Evidently Robert McCormick had ambitions far beyond his powers; yet without his absurd experiments the development of American agriculture might have waited many years. They became the favorite topics of conversation in the evening gatherings that took place about the family log fire. Robert McCormick had several sons, and one manifested a particular interest in his repeated failures. From the time he was seven years old Cyrus Hall McCormick became his father's closest companion. Others might ridicule and revile, but this chubby, bright-eyed, intelligent little boy was always the keenest listener, the one comfort which the father had against his jeering neighbors. He also became his father's constant associate in his rough workshop. Soon, however, the older man noticed a change in their relations. The boy was becoming the teacher, and the father was taught. By the time Cyrus was eighteen, indeed, he had advanced so far beyond his father that the latter had become merely a proud observer. Young McCormick threw into the discard all his father's ideas and struck out on entirely new lines. By the time he had reached his twenty-second birthday he had constructed a machine which, in all its essential details, is the one which we have today. He had introduced seven principles, all of which are an indispensable part of every reaper constructed now. One afternoon he drove his unlovely contraption upon his father's farm, with no witnesses except his own family. This group now witnessed the first successful attempt ever made to reap with machinery. A few days later young McCormick gave a public exhibition at Steele's Tavern, cutting six acres of oats in an afternoon. The popular ridicule soon changed into acclaim; the new invention was exhibited in a public square and Cyrus McCormick became a local celebrity. Perhaps the words that pleased him most, however, were those spoken by his father. "I am proud," said the old man, "to have a son who can do what I failed to do."

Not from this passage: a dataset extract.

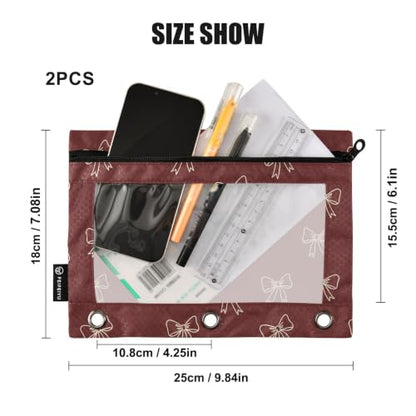 Gredecor 3 Ring Binder Pencil Pouch, Burgundy Maroon Bows Zippered Pen Case Pouches with Clear Window, 2 Pack Stylish Office & School Supplie - color: Burgundy Maroon Bows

This McCormick reaper dates from 1831; but it represented merely the beginnings of the modern machine. It performed only a single function; it simply cut the crop. When its sliding blade had performed this task, the grain fell back upon a platform, and a farm hand, walking alongside, raked this off upon the ground. A number of human harvesters followed, picked up the bundles, and tied a few strips of grain around them, making the sheaf. The work was exceedingly wearying and particularly hard upon the women who were frequently impressed into service as farm-hands. About 1858 two farmers named Marsh, who lived near De Kalb, Illinois, solved this problem. They attached to their McCormick reaper a moving platform upon which the cut grain was deposited. A footboard was fixed to the machine upon which two men stood. As the grain came upon this moving platform these men seized it, bound it into sheaves, and threw it upon the field. Simple as this procedure seemed it really worked a revolution in agriculture; for the first time since the pronouncement of the primal curse, the farmer abandoned his hunchback attitude and did his work standing erect. Yet this device also had its disqualifications, the chief one being that it converted the human sheaf-binder into a sweat-shop worker. It was necessary to bind the grain as rapidly as the platform brought it up; the worker was therefore kept in constant motion; and the consequences were frequently distressing and nerve racking. Yet this "Marsh Harvester" remained the great favorite with farmers from about 1860 to 1874.
All this time, however, there was a growing feeling that even the Marsh harvester did not represent the final solution of the problem; the air was full of talk and prophecies about self-binders, something that would take the loose wheat from the platform and transform it into sheaves.